Your instructions
Your answer should be the full set of records, printed exactly as they stand.

==================================================

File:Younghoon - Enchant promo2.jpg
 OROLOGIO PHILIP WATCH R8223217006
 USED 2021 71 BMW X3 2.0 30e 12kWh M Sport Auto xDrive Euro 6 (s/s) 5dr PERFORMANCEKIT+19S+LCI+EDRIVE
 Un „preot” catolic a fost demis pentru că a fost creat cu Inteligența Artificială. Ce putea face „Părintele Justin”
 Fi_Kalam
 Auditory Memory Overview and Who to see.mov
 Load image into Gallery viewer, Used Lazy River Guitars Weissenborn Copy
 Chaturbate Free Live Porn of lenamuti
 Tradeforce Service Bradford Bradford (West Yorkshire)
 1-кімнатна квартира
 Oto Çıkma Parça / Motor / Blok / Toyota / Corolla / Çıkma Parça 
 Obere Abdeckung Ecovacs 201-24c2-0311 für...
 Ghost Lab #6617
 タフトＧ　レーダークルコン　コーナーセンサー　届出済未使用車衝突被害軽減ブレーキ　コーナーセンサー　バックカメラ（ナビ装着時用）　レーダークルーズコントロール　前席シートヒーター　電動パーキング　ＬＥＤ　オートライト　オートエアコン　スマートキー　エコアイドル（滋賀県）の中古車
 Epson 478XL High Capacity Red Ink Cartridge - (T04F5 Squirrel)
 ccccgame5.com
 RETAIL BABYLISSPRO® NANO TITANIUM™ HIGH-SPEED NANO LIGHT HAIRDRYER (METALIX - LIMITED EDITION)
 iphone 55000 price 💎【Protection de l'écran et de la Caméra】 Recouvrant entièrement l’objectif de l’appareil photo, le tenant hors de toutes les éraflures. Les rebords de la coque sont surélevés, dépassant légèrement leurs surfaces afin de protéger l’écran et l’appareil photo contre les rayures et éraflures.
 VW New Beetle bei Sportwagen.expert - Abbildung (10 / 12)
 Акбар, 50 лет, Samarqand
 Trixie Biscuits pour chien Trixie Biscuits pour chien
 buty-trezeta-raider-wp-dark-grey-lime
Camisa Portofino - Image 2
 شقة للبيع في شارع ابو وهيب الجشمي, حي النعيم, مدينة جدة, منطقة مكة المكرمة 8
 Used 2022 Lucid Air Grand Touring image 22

==================================================

Solution for this problem
File:Younghoon - Enchant promo2.jpg
 OROLOGIO PHILIP WATCH R8223217006
 USED 2021 71 BMW X3 2.0 30e 12kWh M Sport Auto xDrive Euro 6 (s/s) 5dr PERFORMANCEKIT+19S+LCI+EDRIVE
 Un „preot” catolic a fost demis pentru că a fost creat cu Inteligența Artificială. Ce putea face „Părintele Justin”
 Fi_Kalam
 Auditory Memory Overview and Who to see.mov
 Load image into Gallery viewer, Used Lazy River Guitars Weissenborn Copy
 Chaturbate Free Live Porn of lenamuti
 Tradeforce Service Bradford Bradford (West Yorkshire)
 1-кімнатна квартира
 Oto Çıkma Parça / Motor / Blok / Toyota / Corolla / Çıkma Parça 
 Obere Abdeckung Ecovacs 201-24c2-0311 für...
 Ghost Lab #6617
 タフトＧ　レーダークルコン　コーナーセンサー　届出済未使用車衝突被害軽減ブレーキ　コーナーセンサー　バックカメラ（ナビ装着時用）　レーダークルーズコントロール　前席シートヒーター　電動パーキング　ＬＥＤ　オートライト　オートエアコン　スマートキー　エコアイドル（滋賀県）の中古車
 Epson 478XL High Capacity Red Ink Cartridge - (T04F5 Squirrel)
 ccccgame5.com
 RETAIL BABYLISSPRO® NANO TITANIUM™ HIGH-SPEED NANO LIGHT HAIRDRYER (METALIX - LIMITED EDITION)
 iphone 55000 price 💎【Protection de l'écran et de la Caméra】 Recouvrant entièrement l’objectif de l’appareil photo, le tenant hors de toutes les éraflures. Les rebords de la coque sont surélevés, dépassant légèrement leurs surfaces afin de protéger l’écran et l’appareil photo contre les rayures et éraflures.
 VW New Beetle bei Sportwagen.expert - Abbildung (10 / 12)
 Акбар, 50 лет, Samarqand
 Trixie Biscuits pour chien Trixie Biscuits pour chien
 buty-trezeta-raider-wp-dark-grey-lime
Camisa Portofino - Image 2
 شقة للبيع في شارع ابو وهيب الجشمي, حي النعيم, مدينة جدة, منطقة مكة المكرمة 8
 Used 2022 Lucid Air Grand Touring image 22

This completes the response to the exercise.